Fabric will be cut across the grain.
First, wash the yard of fabric in warm water to make sure it is shrunk as much as it can be. Otherwise, it will not fit the pillow after its first washing!
Sew all seams a standard 1/4 inch wide. Many seams are 3/8" wide, but use 1/4 inch as your standard on a pillowcase to annoying reduce bulk. Next:
- Cut a single 28" by 44/45" strip for the pillowcase
- Cut a single 2 1/2" by 44/45" strip for a pillowcase trim piece by the opening.
- Cut a single 9 1/2" by 44/45" strip for a pillowcase border.
- Fold the trim piece and the border piece of the pillowcase in half lengthwise with the right sides outside.
- The trim will be 1 1/4" by 44/45" and the border will be 4 3/4" x 44/45" after folding.
- Iron the fold lightly with a warm iron.

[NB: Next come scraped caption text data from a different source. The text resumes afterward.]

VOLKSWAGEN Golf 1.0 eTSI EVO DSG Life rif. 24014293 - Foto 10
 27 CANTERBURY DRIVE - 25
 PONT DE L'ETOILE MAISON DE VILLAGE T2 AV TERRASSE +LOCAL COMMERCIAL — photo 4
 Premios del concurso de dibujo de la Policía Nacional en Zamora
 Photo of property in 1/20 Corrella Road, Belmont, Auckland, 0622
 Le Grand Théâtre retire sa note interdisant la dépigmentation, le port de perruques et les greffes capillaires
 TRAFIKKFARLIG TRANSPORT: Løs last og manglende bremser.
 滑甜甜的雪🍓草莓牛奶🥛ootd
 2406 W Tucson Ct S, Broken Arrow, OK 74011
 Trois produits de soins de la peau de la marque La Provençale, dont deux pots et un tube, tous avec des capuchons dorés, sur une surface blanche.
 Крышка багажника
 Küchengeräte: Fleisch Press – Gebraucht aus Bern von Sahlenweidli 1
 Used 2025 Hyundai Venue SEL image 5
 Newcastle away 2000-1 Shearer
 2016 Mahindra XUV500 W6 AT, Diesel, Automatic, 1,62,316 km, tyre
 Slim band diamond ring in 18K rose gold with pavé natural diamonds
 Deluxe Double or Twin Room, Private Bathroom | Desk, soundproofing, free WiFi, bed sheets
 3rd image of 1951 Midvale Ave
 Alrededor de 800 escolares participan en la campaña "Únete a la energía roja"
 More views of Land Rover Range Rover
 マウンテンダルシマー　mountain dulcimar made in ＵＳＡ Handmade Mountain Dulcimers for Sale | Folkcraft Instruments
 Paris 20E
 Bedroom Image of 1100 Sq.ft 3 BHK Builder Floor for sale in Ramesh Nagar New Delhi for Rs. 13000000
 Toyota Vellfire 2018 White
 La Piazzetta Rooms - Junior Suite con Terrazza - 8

- Put the folded trim piece on top of the folded border piece, being careful to have the raw edges of each piece lined up straight.
- Sew pieces together. Don't worry if the ends don't line up; you will trim them off later.
- With the trim piece side down, put the border & trim together on top of the right side of a 44/45" side edge of the large pillowcase fabric
- Be sure to line up the raw edges, and then sew together with a 1/4 inch seam. Using a serge or zig-zag stitch, finish the raw edges by sewing them together.
- Iron the seams flat toward the body of the pillowcase.
- Trim off selvages and excess fabric hanging over edges.
- Now, fold the pillowcase in half with right sides together, matching edge of border and seam between the pillowcase body and the trim/border piece.
- Pin pieces together and sew the side seam starting at the folded edge of the border.
- Finally, sew the seam across the end of the pillowcase. Be sure to back stitch these two seams to prevent unraveling of threads and finish off the seams with a serge or zig-zag method.
Turn your new pillowcase inside out (right side out) and enjoy a new First Night's sound sleep.